Material for the task:
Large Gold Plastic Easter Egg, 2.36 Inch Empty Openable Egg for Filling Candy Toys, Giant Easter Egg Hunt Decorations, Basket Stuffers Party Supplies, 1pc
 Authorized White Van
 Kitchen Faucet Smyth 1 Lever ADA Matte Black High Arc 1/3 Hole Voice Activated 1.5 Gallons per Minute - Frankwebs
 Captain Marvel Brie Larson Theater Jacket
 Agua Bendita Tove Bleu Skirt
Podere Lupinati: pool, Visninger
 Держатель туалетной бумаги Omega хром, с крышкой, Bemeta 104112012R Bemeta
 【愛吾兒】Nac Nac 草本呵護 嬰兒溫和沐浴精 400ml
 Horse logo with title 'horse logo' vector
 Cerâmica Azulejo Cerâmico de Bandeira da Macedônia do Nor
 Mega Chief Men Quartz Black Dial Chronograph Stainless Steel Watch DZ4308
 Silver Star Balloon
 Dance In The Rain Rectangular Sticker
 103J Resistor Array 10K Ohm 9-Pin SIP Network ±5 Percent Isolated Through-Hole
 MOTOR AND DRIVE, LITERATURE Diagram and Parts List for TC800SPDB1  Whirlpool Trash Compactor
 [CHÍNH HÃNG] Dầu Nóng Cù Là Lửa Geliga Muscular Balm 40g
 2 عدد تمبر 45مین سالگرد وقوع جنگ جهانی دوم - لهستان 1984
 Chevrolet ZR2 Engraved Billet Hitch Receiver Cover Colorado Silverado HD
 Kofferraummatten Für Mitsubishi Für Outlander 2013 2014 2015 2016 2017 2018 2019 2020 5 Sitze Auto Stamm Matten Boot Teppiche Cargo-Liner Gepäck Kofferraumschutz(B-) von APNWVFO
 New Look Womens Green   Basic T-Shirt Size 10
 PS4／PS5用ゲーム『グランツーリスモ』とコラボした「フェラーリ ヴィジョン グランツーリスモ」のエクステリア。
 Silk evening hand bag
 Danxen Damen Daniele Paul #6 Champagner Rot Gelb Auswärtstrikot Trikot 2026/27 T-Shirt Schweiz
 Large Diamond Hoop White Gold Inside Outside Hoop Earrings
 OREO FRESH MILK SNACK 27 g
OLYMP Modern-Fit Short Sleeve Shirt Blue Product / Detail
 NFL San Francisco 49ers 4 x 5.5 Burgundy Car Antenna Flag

Assignment:
Reproduce all of the entries above verbatim.

Written solution:
Large Gold Plastic Easter Egg, 2.36 Inch Empty Openable Egg for Filling Candy Toys, Giant Easter Egg Hunt Decorations, Basket Stuffers Party Supplies, 1pc
 Authorized White Van
 Kitchen Faucet Smyth 1 Lever ADA Matte Black High Arc 1/3 Hole Voice Activated 1.5 Gallons per Minute - Frankwebs
 Captain Marvel Brie Larson Theater Jacket
 Agua Bendita Tove Bleu Skirt
Podere Lupinati: pool, Visninger
 Держатель туалетной бумаги Omega хром, с крышкой, Bemeta 104112012R Bemeta
 【愛吾兒】Nac Nac 草本呵護 嬰兒溫和沐浴精 400ml
 Horse logo with title 'horse logo' vector
 Cerâmica Azulejo Cerâmico de Bandeira da Macedônia do Nor
 Mega Chief Men Quartz Black Dial Chronograph Stainless Steel Watch DZ4308
 Silver Star Balloon
 Dance In The Rain Rectangular Sticker
 103J Resistor Array 10K Ohm 9-Pin SIP Network ±5 Percent Isolated Through-Hole
 MOTOR AND DRIVE, LITERATURE Diagram and Parts List for TC800SPDB1  Whirlpool Trash Compactor
 [CHÍNH HÃNG] Dầu Nóng Cù Là Lửa Geliga Muscular Balm 40g
 2 عدد تمبر 45مین سالگرد وقوع جنگ جهانی دوم - لهستان 1984
 Chevrolet ZR2 Engraved Billet Hitch Receiver Cover Colorado Silverado HD
 Kofferraummatten Für Mitsubishi Für Outlander 2013 2014 2015 2016 2017 2018 2019 2020 5 Sitze Auto Stamm Matten Boot Teppiche Cargo-Liner Gepäck Kofferraumschutz(B-) von APNWVFO
 New Look Womens Green   Basic T-Shirt Size 10
 PS4／PS5用ゲーム『グランツーリスモ』とコラボした「フェラーリ ヴィジョン グランツーリスモ」のエクステリア。
 Silk evening hand bag
 Danxen Damen Daniele Paul #6 Champagner Rot Gelb Auswärtstrikot Trikot 2026/27 T-Shirt Schweiz
 Large Diamond Hoop White Gold Inside Outside Hoop Earrings
 OREO FRESH MILK SNACK 27 g
OLYMP Modern-Fit Short Sleeve Shirt Blue Product / Detail
 NFL San Francisco 49ers 4 x 5.5 Burgundy Car Antenna Flag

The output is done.